The ease she says those words with are what get him. The dead certainty, as if she- they had seen this coming from a mile away.
“This way? Wait were you expecting-“
Karen cuts him off, “Don’t ask questions you’re not ready for the answer to.”
Really, the only answer Eddie can give to that is, “Heard.”
They pat him on the arms, both of the Wilsons giving him sympathetic looks. Like they know something he doesn’t and Eddie can’t really handle whatever it is so he turns his eyes to Buck instead.
The man is not far, talking to his sister with an amused tilt to his head. Chimney laughs beside them and Maddie turns to play fight with her husband as Buck slips away back towards Eddie.
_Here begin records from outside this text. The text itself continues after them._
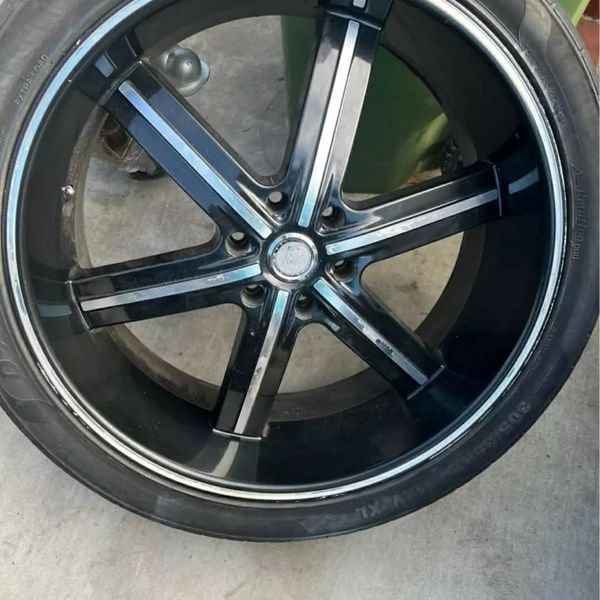 24" Chevy rims 305/35/24 tires  3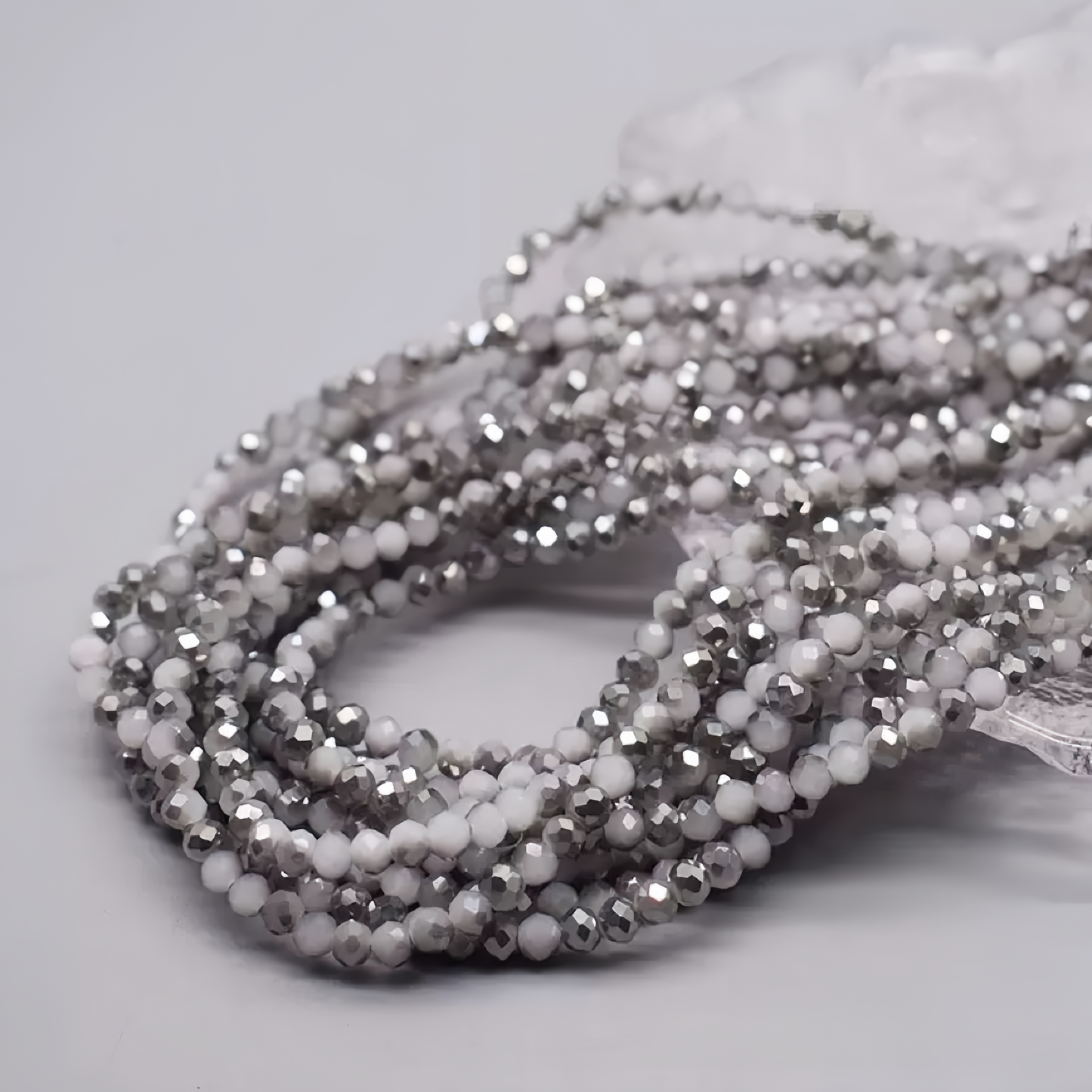 0 0今日新作 メッキ半銀ボタンカット−4ミリ ガラス(0214)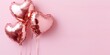 heart shaped rose gold foil balloons on left side with pastel pink copy space background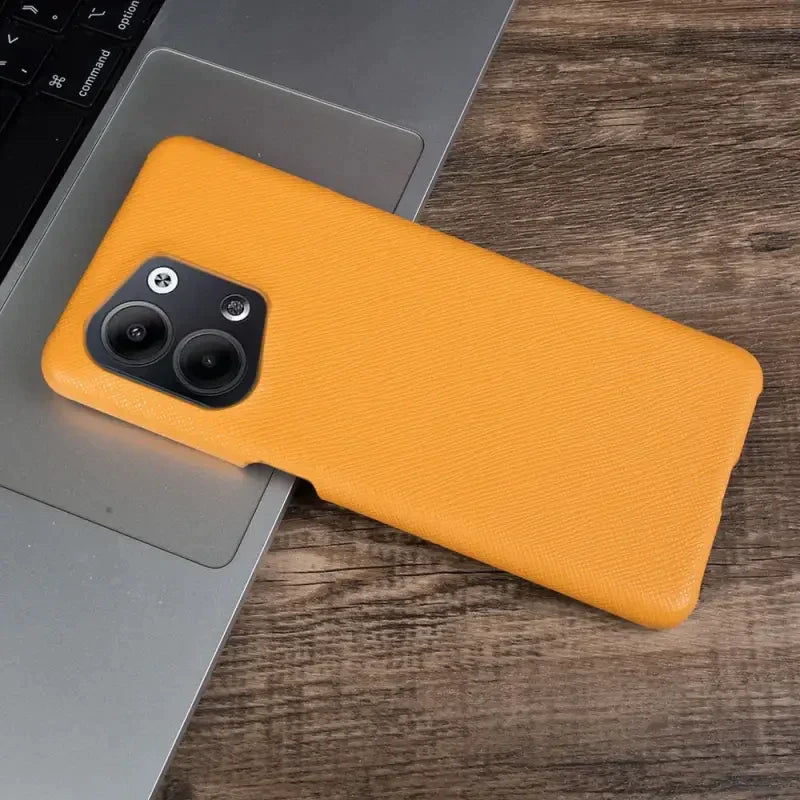 the case is made from a soft, yellow leather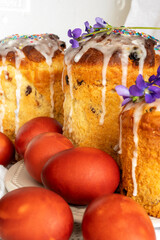 Easter red eggs and kulich bread. Christian holyday preparation. Selective focus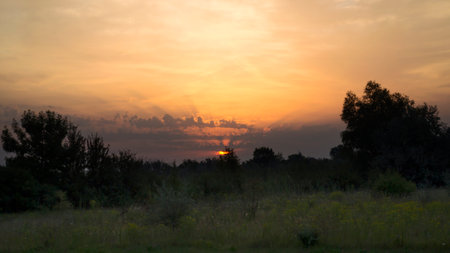 Beautiful sunrise in a field with amazing clouds. Tent. Travels. Tourismの写真素材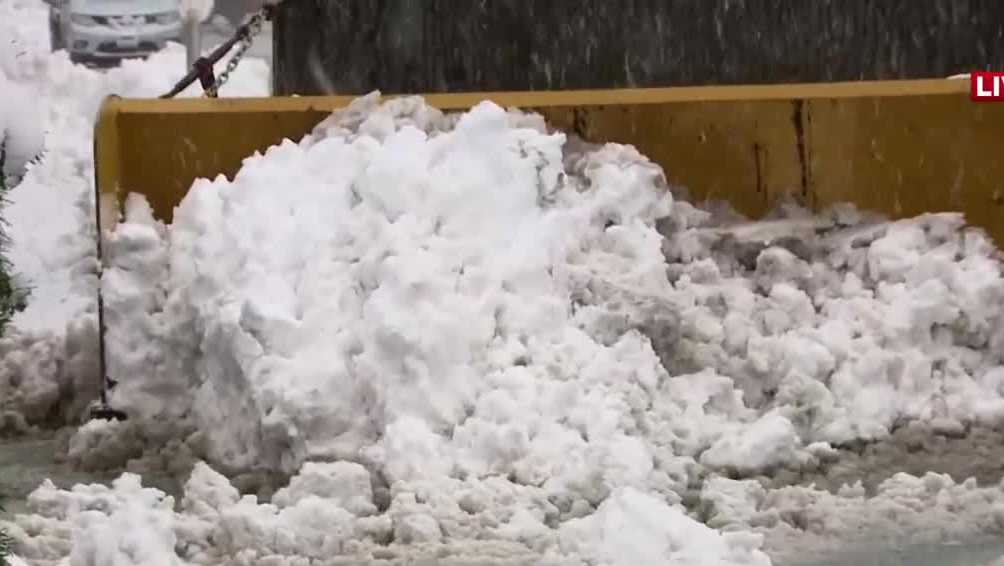 Snow piles up in Derry, New Hampshire as crews clear roads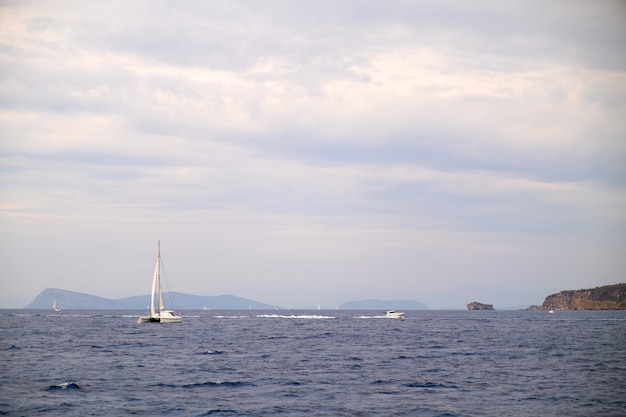 Yate de vela catamarán anclado en el agua de mar azul profundo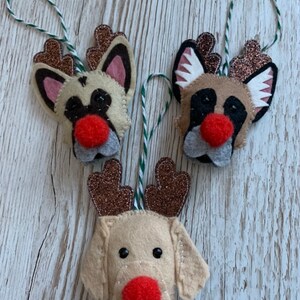 May include: Three felt Christmas ornaments shaped like dogs with reindeer antlers. The dogs are beige with black eyes and red noses. The antlers are brown with glitter.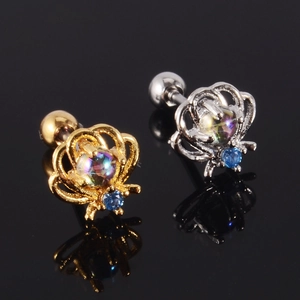 Detailed view of crown and spider stud earrings with aurora stones on reflective surface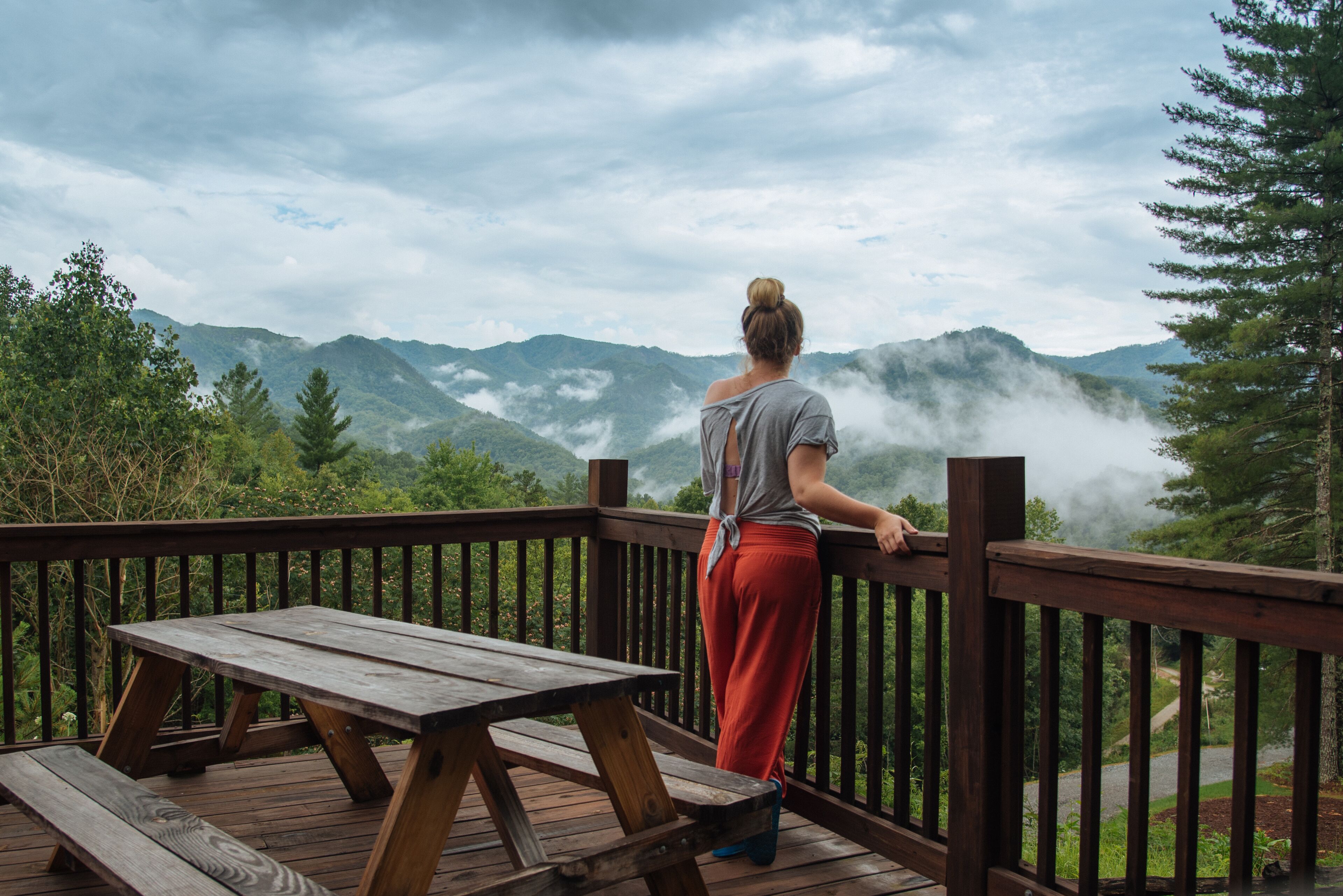 A wooden deck with a picnic table and a railing overlooking a mountainous landscape with trees and mist.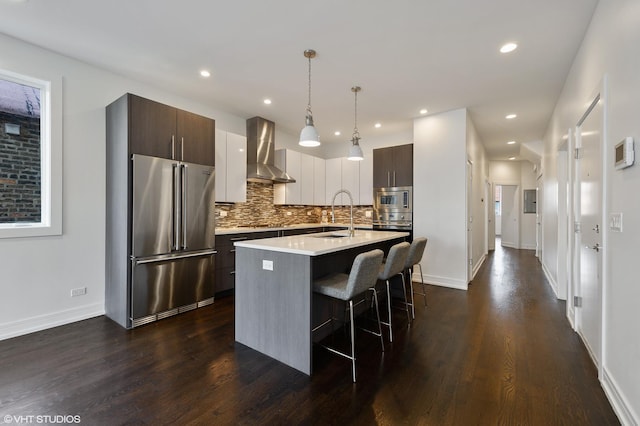 1522 W Huron St Unit 2W, Chicago, IL 60642 - kitchen with stainless steel appliances, wall chimney range hood, a breakfast bar, tasteful backsplash, and light countertops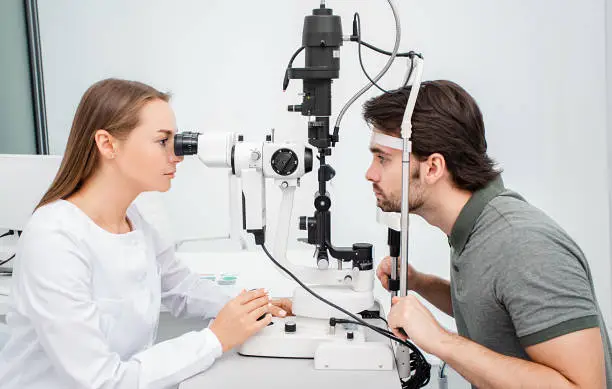 Optometrist woman using a binocular slit-lamp examines the eye of an adult man patient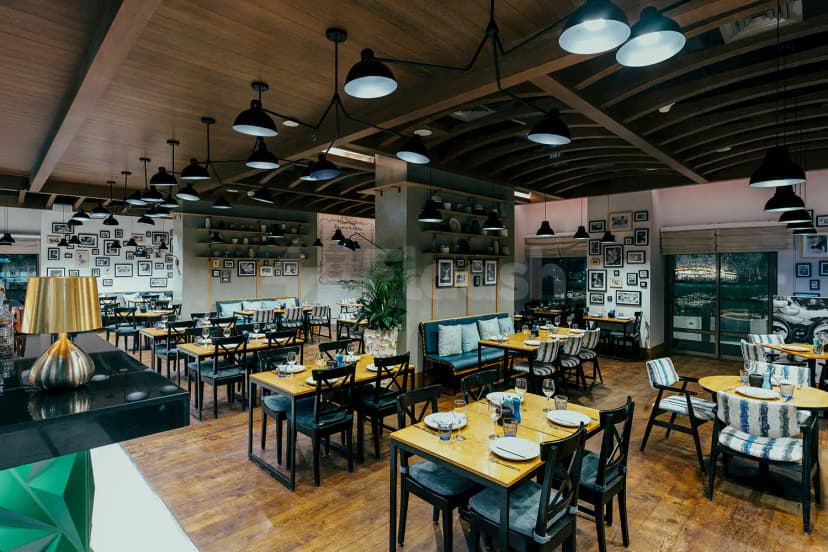 Restaurant interior at The Kitchen Doha featuring a wooden ceiling with exposed beams and black pendant lights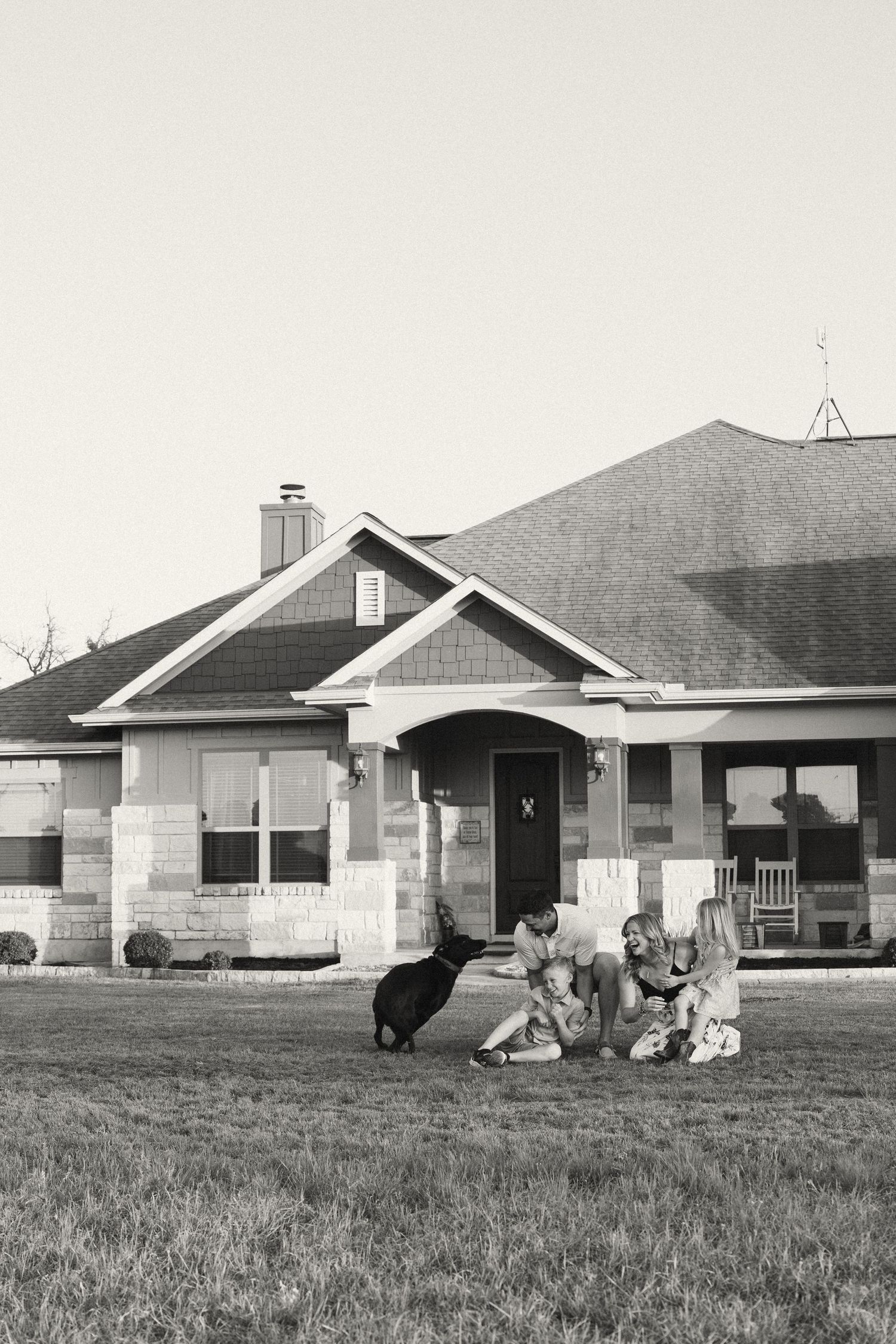 A classic craftsman style house with people and pets relaxing and playing on the front lawn.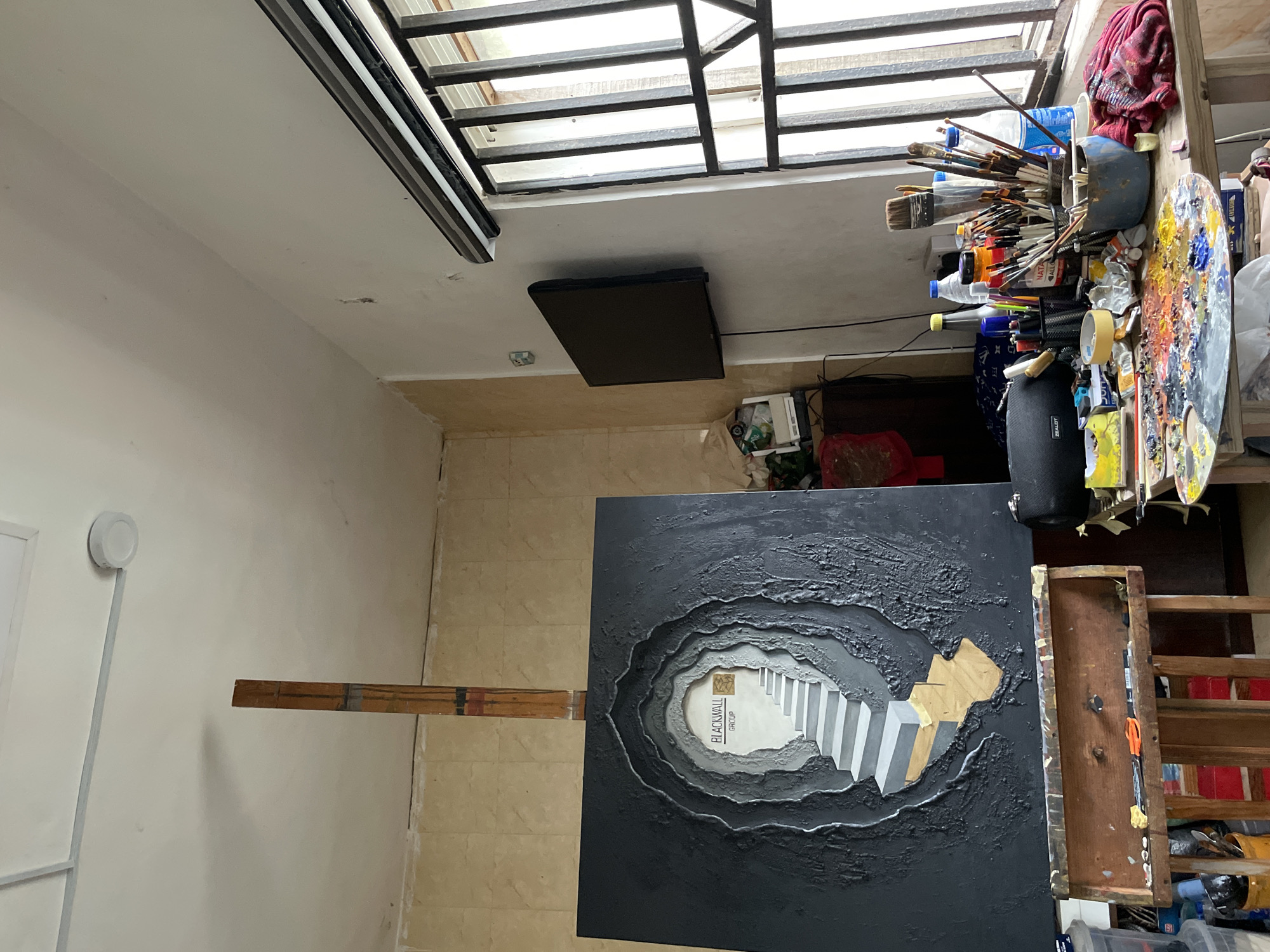 The image depicts an artist's studio in Ado, Nigeria, likely a residential or commercial space converted for creative work. The focal point is a large, textured canvas on an easel, showcasing a dark, cave-like tunnel with a brightly lit set of stairs leading upwards. The words "BLACKWALL GROUP" are visible on the wall at the end of the tunnel, above a small, square, patterned artwork. The studio environment is evident with art supplies scattered across a wooden table in the foreground. These include an artist's palette laden with vibrant paints, numerous paintbrushes of various sizes in containers, bottles of liquids, and other studio tools like scissors and tape. To the left of the canvas, another easel holds a wooden paint box with brushes and tools. In the background, a small flat-screen television is mounted on the wall, and a window with metal bars is visible on the right, allowing natural light to enter the room. The walls appear to be painted a light color, with some textured tiling on the left. The ceiling shows signs of age with some discoloration and a circular light fixture. The overall impression is of a functional, lived-in workspace, actively being used for artistic creation.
He throws an arm over Eddie’s shoulder, grinning like mad when they meet at their little table.
“So,” Buck starts, “Ice cream, my dear?”
Eddie laughs at the endearment. He’s sure there will be many more, increasingly ridiculous ones in his future. Getting married has opened the floodgates holding back any affection that might have felt too much, not that they’d had many boundaries in that department to begin with.
“I think Chris might stir up a coup if we don’t open the line soon.”
“Sounds good,” Buck’s smile gets wider, pleased as punch and bright as a summer day, “What d’ya say we share a scoop of butter pecan to start off married life?”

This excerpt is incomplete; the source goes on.